While on a flight to Italy, an elderly woman began to experience shortness of breath. Luckily, a doctor on board the plane was able to come to her rescue and prevent the medical emergency from escalating further with the help of an Apple Watch.
A 43-year-old British doctor named Rashid Riaz, who works at Hereford County Hospital in England, was flying via Ryanair from Birmingham, England, to Verona, Italy, on January 9 for a skiing vacation when a woman in her 70s started struggling to breathe.
After a crew member asked if there was a healthcare worker on board, Dr. Riaz stepped up to help the woman.
The woman did not initially respond to his questions, but when she finally did, much to the relief of her husband, whom she had been traveling with, Dr.
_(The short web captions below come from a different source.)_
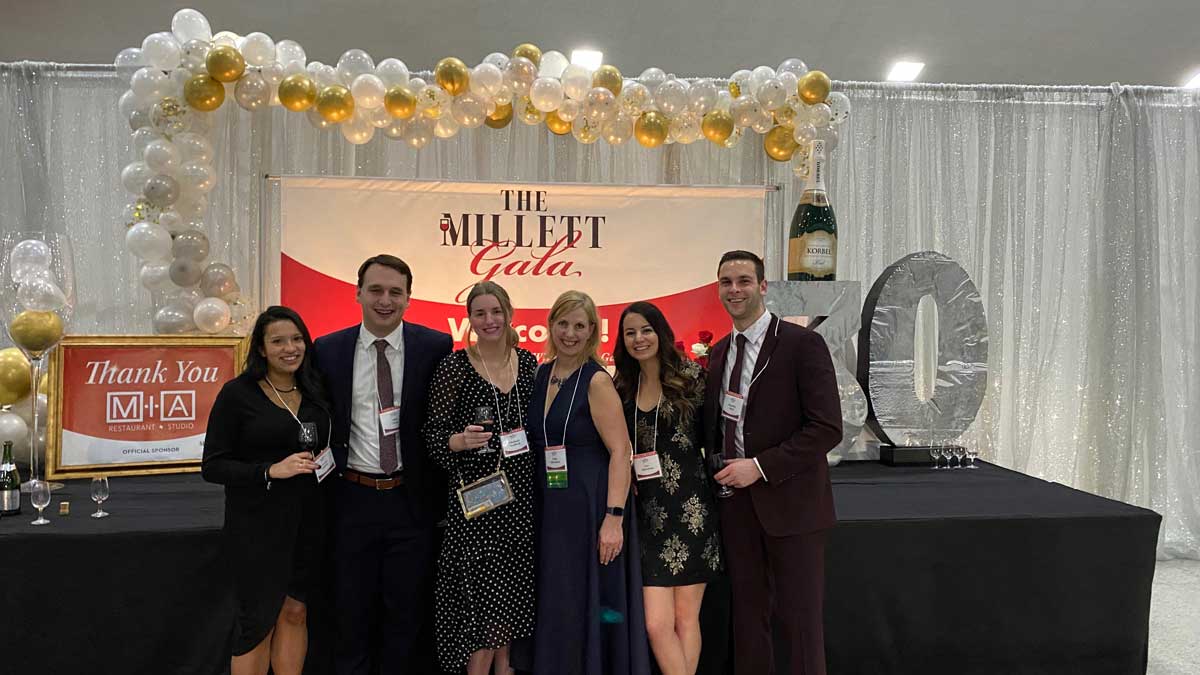 group posing in front of the event backdrop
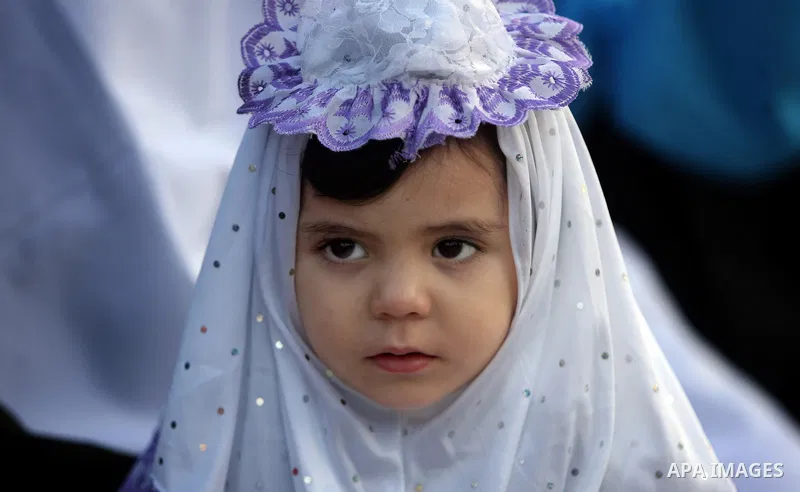 A Palestinian girl attends an open air morning prayer to celebrate Eid al-Fitr in Khan Yunis town the southern Gaza Strip on August 30, 2011. The Palestinian Territories, along with other neighboring and Gulf states, ann...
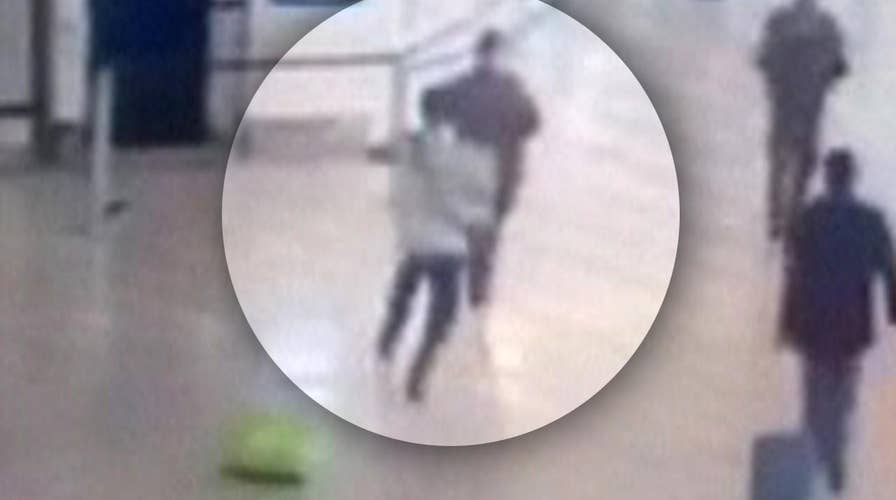 Moment man takes soldier hostage at airport caught on tape
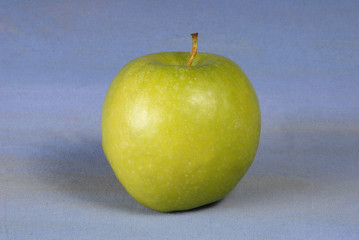 Green apple on light blue background.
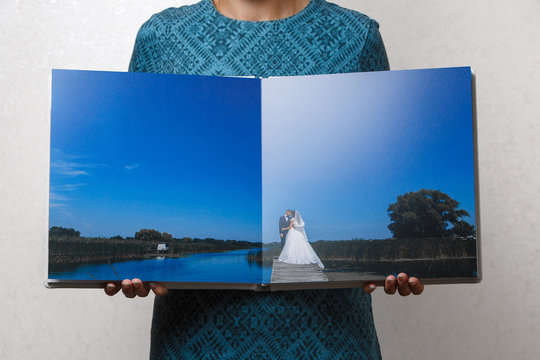 a woman holds open family photobook the person looks at the photo book sample  beige photo album  wedding photoalbum with  fabric cover.female hands holding square open photo album.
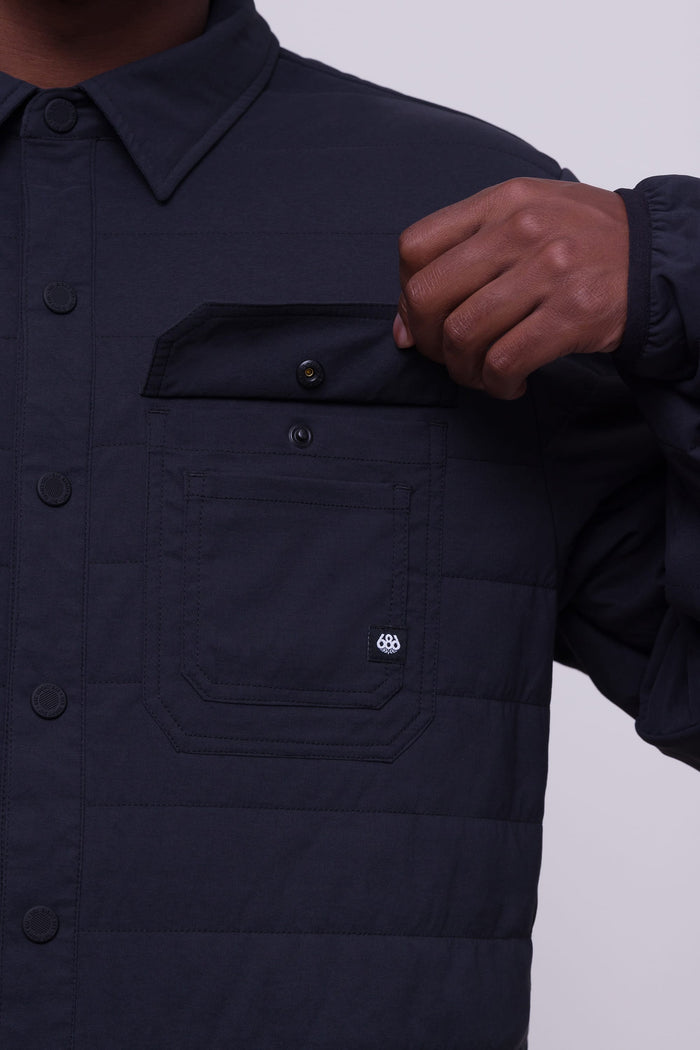 A person wearing the 686 Men's Thermaldry™ Snap-Up Shirt unbuttons the chest pocket flap. The shirt by 686 features a pointed collar and visible stitching on the pocket.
Riaz discovered that she had a history of heart issues.
So, the doctor then borrowed an Apple Watch from a flight attendant, using the device to gauge the woman’s blood oxygen levels. Dr. Riaz used the Blood Oxygen app found on the watch, which the Apple website states is meant for “general fitness and wellness purposes.”
Although the app was not designed for medical use, it came in handy for such a case as this.
Currently, Apple is in the midst of a patent dispute with Masim, a medical technology company, over their software. Last week, Apple revealed that their Series 9 and Ultra 2 Apple Watches would be released without the blood oxygen app.
Dr. Riaz also asked the cabin crew for an oxygen cylinder to help him monitor and stabilize the woman’s oxygen saturation levels until the plane landed.
An hour later, they arrived in Italy, where the woman received additional medical assistance and made a quick recovery.